Task requirements. Beneath this line are entries. Copy the range from the line with "image for item" to the line with "Ramada by Wyndham Fredericton - Fredericton", ends included, exactly; leave pictures out.

Source data below:

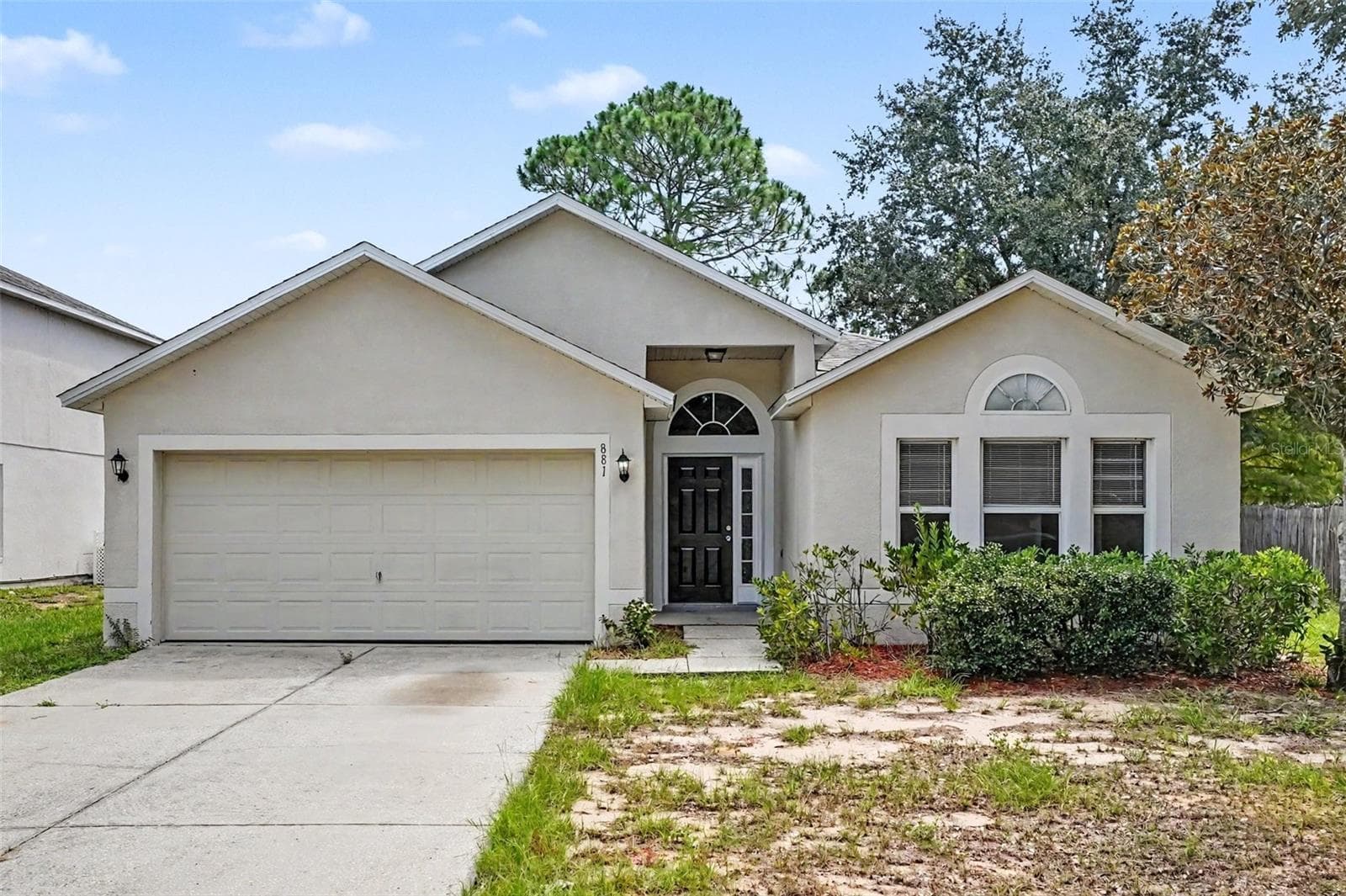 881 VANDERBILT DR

End of Source data.
Source data below:

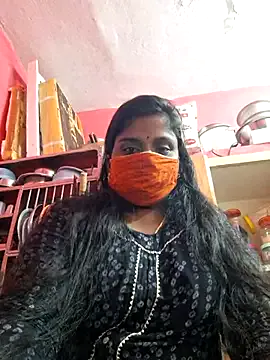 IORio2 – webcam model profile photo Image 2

End of Source data.
Source data below:

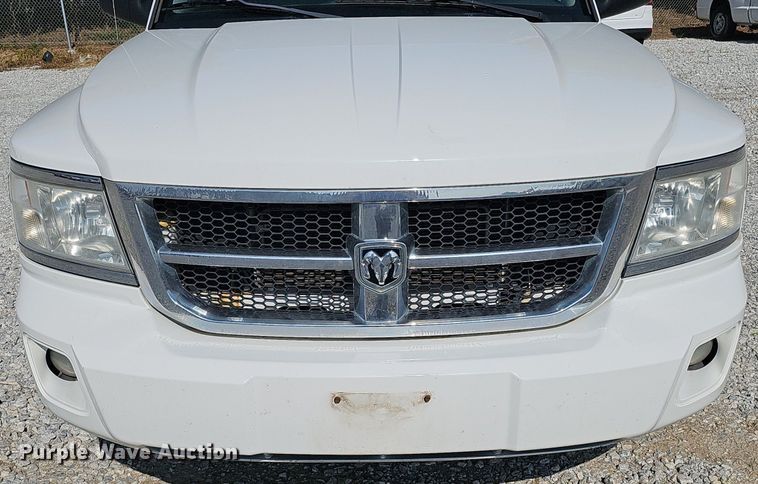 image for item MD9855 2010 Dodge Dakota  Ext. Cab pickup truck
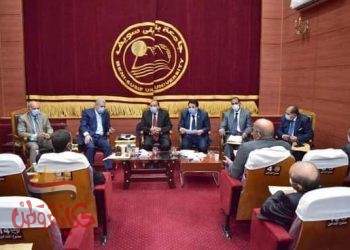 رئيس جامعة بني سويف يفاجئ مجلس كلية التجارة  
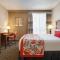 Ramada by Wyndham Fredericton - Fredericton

End of Source data.

The answer.
 image for item MD9855 2010 Dodge Dakota  Ext. Cab pickup truck
 رئيس جامعة بني سويف يفاجئ مجلس كلية التجارة  
 Ramada by Wyndham Fredericton - Fredericton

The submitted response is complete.